MrNobo1024 has asked for the wisdom of the Perl Monks concerning the following question:
'foo' =~ m/.*/;
print eval <STDIN>;
I ran this program, and entered the text '$&'. It printed out 'foo'. If you don't use $`, $&, or $' in your program at all, they aren't set on a regex match. There was no way for Perl to know I was going to enter $& into STDIN, so why did it set it? Does this mean that Perl is psychic?
Re (tilly) 1: Perl is psychic?!
by tilly (Archbishop) on Mar 06, 2001 at 06:38 UTC
|
Excellent question!
Since everybody else seems to have missed your (subtle)
point by quoting irrelevant documentation that you clearly
understood in great detail, allow me to repeat your point.
Perl is supposed to have an important optimization. If
you never use $&, $`, and $' in your script, Perl is
not supposed to calculate them ever. This is important
because it makes matches against long strings an order of
magnitude faster. If you use them ever, they are
calculated from then on. Caveat programmer. (I don't use
them, ever. I wish I could make attempting to use them
optionally fatal just to smoke out people who use them,
but I can't.)
With this optimization there should be no way that the above
code will work since when you do the match, Perl is dealing
with a script that has no $&, $`, or $' in it. And so
when it goes to display the answer, the necessary data
should not exist yet. But you run it and it does.

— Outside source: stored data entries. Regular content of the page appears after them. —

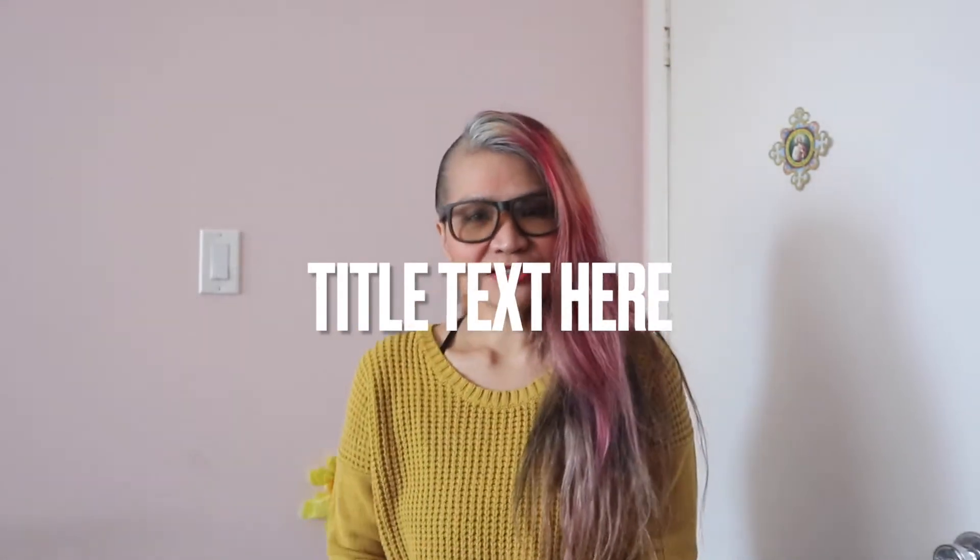Hi guys, welcome to my channel. If you're new here or a returning viewer, welcome back. Today I'm gonna be talking about figure drawing, which is a big part of atelier training. Since I'm doing an atelier at home series, I thought I'd discuss in this video what I've done in the past and what I'm currently doing, show you the resources I've used and currently using, and also some sketchbooks so you guys can see what I've done.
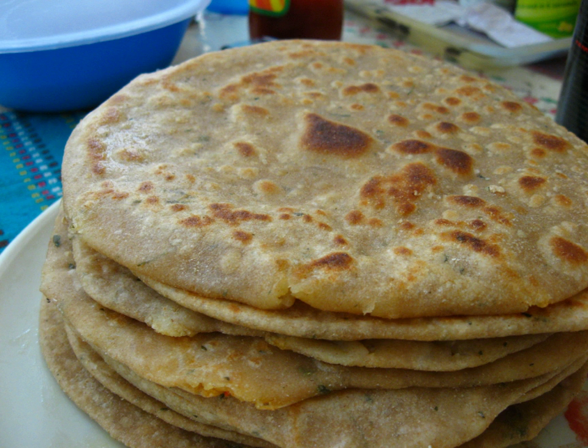The paratha is an important part of a traditional breakfast from the Indian subcontinent. Traditionally it is made using ghee, but oil is also used. Some people may even bake it in the oven for health reasons. Usually the paratha is eaten with dollops of white butter on top. Side dishes which go very well with paratha are curd, fried egg, omelet, mutton keema, nahari, jeera aloo, dal, and raita as part of a breakfast meal.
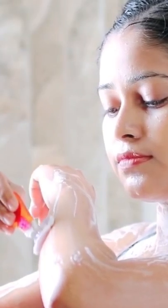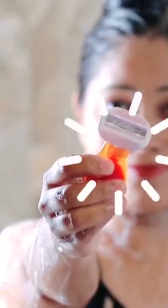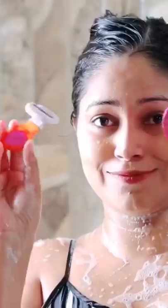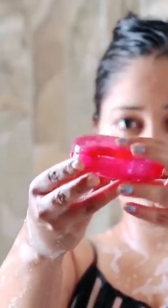It goes in the direction of the hair and its blades are very comfortably blended with the curves. It has compact packaging. Use it with water and keep it for the next step.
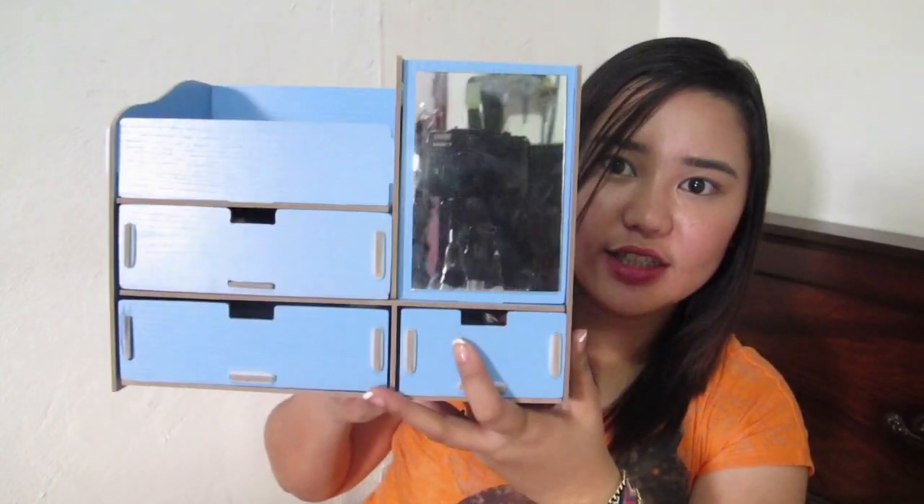The next one is an organizer. It's made of wood and assembles like a puzzle — you just fit the sides together. It comes with a rubber band to secure the sides. I'm already using it and it has stuff in it. I bought it at 168 Mall for P180.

For the record I ran it under 5.004, and got the output that
you describe. I ran it under 5.005 and got no output at
all as you would expect. I ran it under a slightly modified
5.6 and got a segmentation fault. (Not good, but in this
case understandable.) A slight modification of your code
to test $' and $` had similar results. With 5.005 when I
look at perldelta I see that there were a number of changes
to the RE engine including the following:
Changes in Perl code using RE engine:
More optimizations to s/longer/short/;
study() was not working;
/blah/ may be optimized to an analogue of index() i
+f $& $` $'
not seen;
Unneeded copying of matched-against string removed;
Only matched part of the string is copying if $` $'
+ were not
seen;
The last 2 items sound like the behaviour fix. I guess
that the optimization wasn't really being done in 5.004,
or it was done but not done as fully as it was done later.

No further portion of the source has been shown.